菅義偉政権の肝いりで、9月に設置予定のデジタル庁。そのトップとしてデジタル大臣に就任予定の平井卓也デジタル改革相をめぐり、騒動が起きている。
ことの発端は6月11日の朝日新聞の報道だ。4月に実施された内閣官房IT総合戦略室の会議で、東京オリンピックのために政府が開発したアプリ(オリパラアプリ)について、平井大臣が同室幹部らに請負先のNECは「脅しておいたほうがよい」「徹底的に干す」などと発言していたと報じ、その録音音声まで公開した(参照リンク)。
すると週刊文春が後を追う形で、「平井氏が同じ会議の場で、デジタル庁が発注予定の事業に、自身と近い関係にあるベンチャー企業を参加させるよう求める発言をしていたことが、『週刊文春』が入手した音声データでわかった」と報じた(参照リンク)。
これに対して、平井大臣は文春の記事に抗議し、「一般の読者に対して意図的に誤解を与えようとするもの」として、自身が持っているオリジナル音源の一部を会見で公開した。
今回の騒動で、平井大臣が「恫喝」のような発言をしたことは音声から間違いないだろうし、文春が「親密企業の参入を指示 平井卓也デジタル相に官製談合防止法違反の疑い」と書くように、違法行為の可能性もあるのかもしれない。
ただそれよりも筆者が気になったのは、誰がこの音声を録音していたのか、だ。
会議とはいえ、会社で誰かが密かに会話を録音するなんて、ひと昔前の感覚ならあり得ない。
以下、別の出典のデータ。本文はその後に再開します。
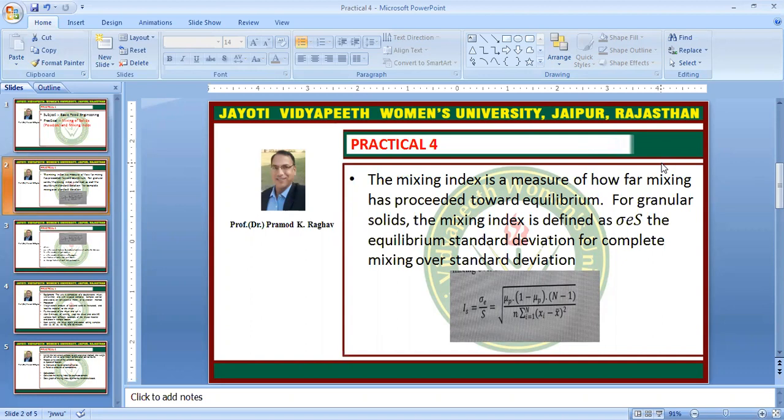For solids such as powders and granular solids, the mixing index is defined as ν = S, which equals the square root of μp(1 − μp) divided by (N − 1)/N times the summation from i to N of (xi − x̄) squared. This is the formula for the mixing index.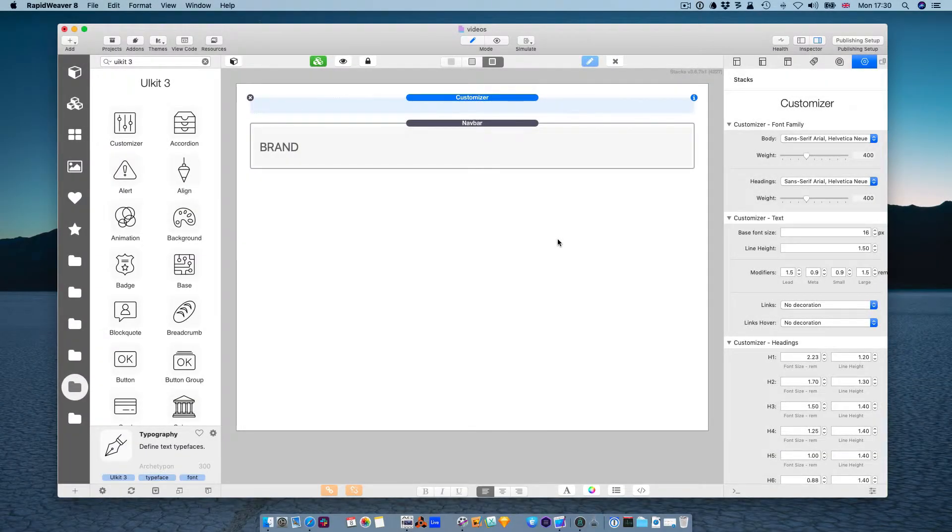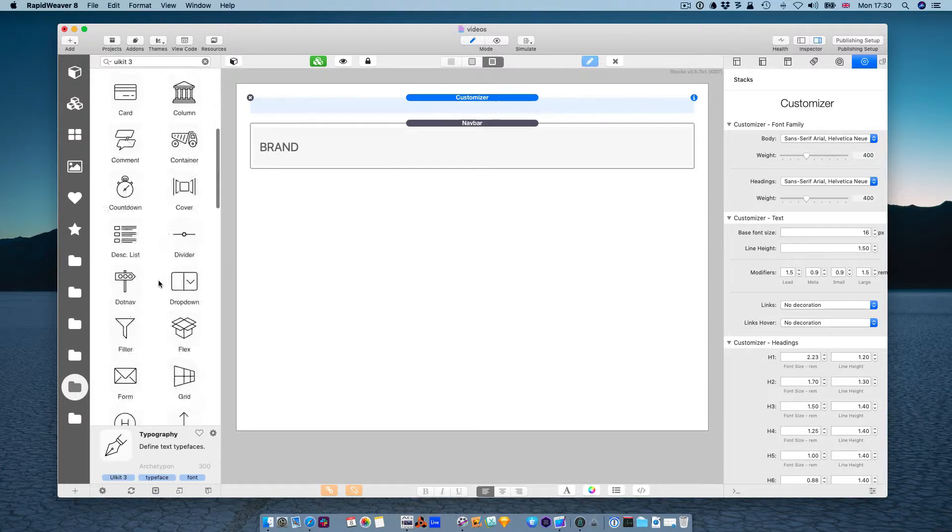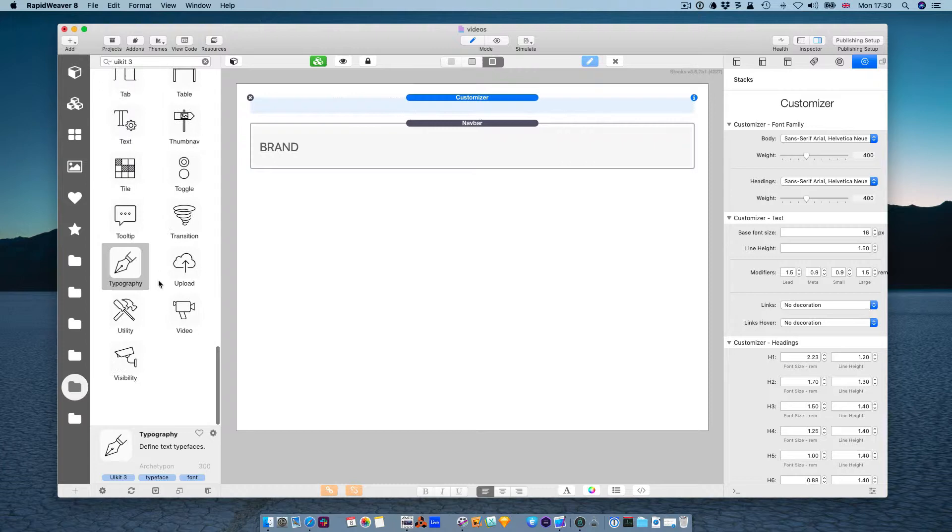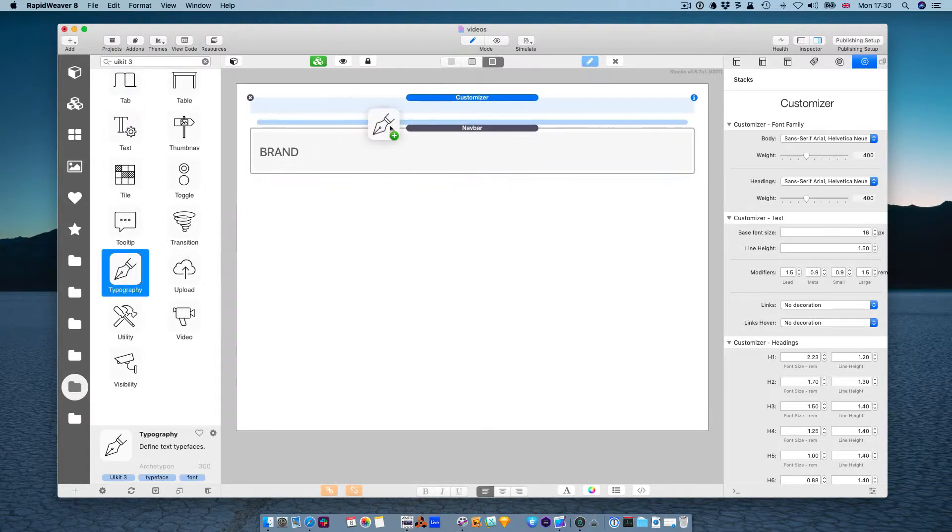In this video, we are going to take a look at the customizer and how we can change fonts in your page, in your project, using the typography stack. So, add the typography stack to the page, just under customizer.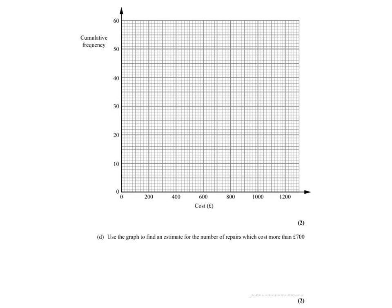For question 15C we need to draw the cumulative frequency graph using the data from the cumulative frequency table in question 15B. We know that for 200 we have 7, and for 400 we have 18.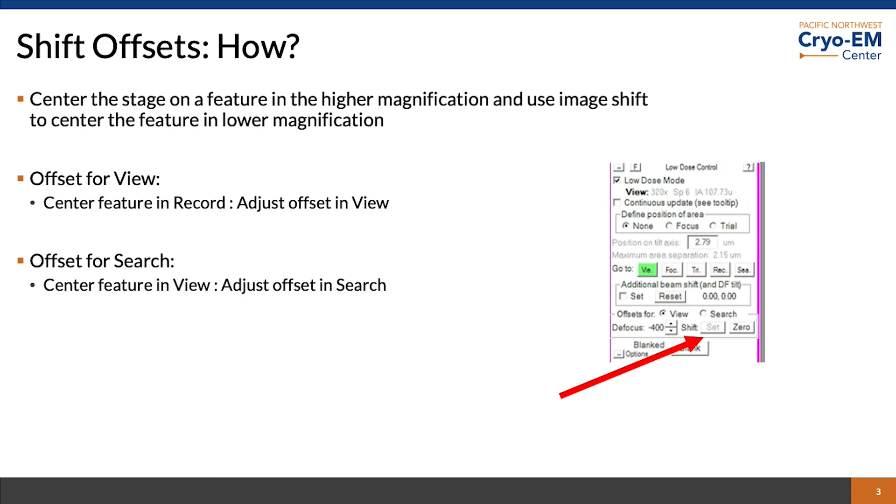Once you have the feature correctly centered in view or search, depending on your goals, you look in the low dose control panel and click set under shift offsets for view, or click the search radio button for offsets for search. Once that's complete, you can test it out.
ところが最近、企業内などで「盗聴」が行われている実態を、耳にする機会が増えた。
企業など組織内での「録音」行為が当たり前になれば、従業員や上司などは発言に、細心の注意を払わなければいけなくなる。いつ揚げ足を取られ、糾弾されるか分からないからだ。「同じ釜の飯を食う」人の集まりが、油断ならない環境になっているということだ。